-- Problem requirements --
Below are some entries. Copy each line in them that holds "light".

-- Given records --
▼

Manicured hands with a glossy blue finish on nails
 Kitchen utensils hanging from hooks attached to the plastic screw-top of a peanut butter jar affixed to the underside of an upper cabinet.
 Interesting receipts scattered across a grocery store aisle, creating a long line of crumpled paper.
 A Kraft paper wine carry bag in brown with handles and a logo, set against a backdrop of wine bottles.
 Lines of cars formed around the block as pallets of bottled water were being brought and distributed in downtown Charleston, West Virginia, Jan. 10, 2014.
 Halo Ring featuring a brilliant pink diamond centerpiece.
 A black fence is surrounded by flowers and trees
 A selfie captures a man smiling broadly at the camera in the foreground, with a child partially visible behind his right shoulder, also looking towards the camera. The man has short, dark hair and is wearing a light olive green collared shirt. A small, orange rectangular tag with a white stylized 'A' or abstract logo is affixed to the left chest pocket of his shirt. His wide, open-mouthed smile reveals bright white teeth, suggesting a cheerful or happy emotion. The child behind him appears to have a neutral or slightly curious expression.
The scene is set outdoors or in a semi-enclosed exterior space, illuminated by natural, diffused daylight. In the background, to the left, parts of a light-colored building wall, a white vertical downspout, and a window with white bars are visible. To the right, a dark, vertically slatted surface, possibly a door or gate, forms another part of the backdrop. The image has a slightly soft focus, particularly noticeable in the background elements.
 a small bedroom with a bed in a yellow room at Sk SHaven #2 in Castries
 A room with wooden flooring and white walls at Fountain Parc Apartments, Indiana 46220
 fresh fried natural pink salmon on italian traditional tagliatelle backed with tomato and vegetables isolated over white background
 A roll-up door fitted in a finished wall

▲

-- Written response --
 A selfie captures a man smiling broadly at the camera in the foreground, with a child partially visible behind his right shoulder, also looking towards the camera. The man has short, dark hair and is wearing a light olive green collared shirt. A small, orange rectangular tag with a white stylized 'A' or abstract logo is affixed to the left chest pocket of his shirt. His wide, open-mouthed smile reveals bright white teeth, suggesting a cheerful or happy emotion. The child behind him appears to have a neutral or slightly curious expression.
The scene is set outdoors or in a semi-enclosed exterior space, illuminated by natural, diffused daylight. In the background, to the left, parts of a light-colored building wall, a white vertical downspout, and a window with white bars are visible. To the right, a dark, vertically slatted surface, possibly a door or gate, forms another part of the backdrop. The image has a slightly soft focus, particularly noticeable in the background elements.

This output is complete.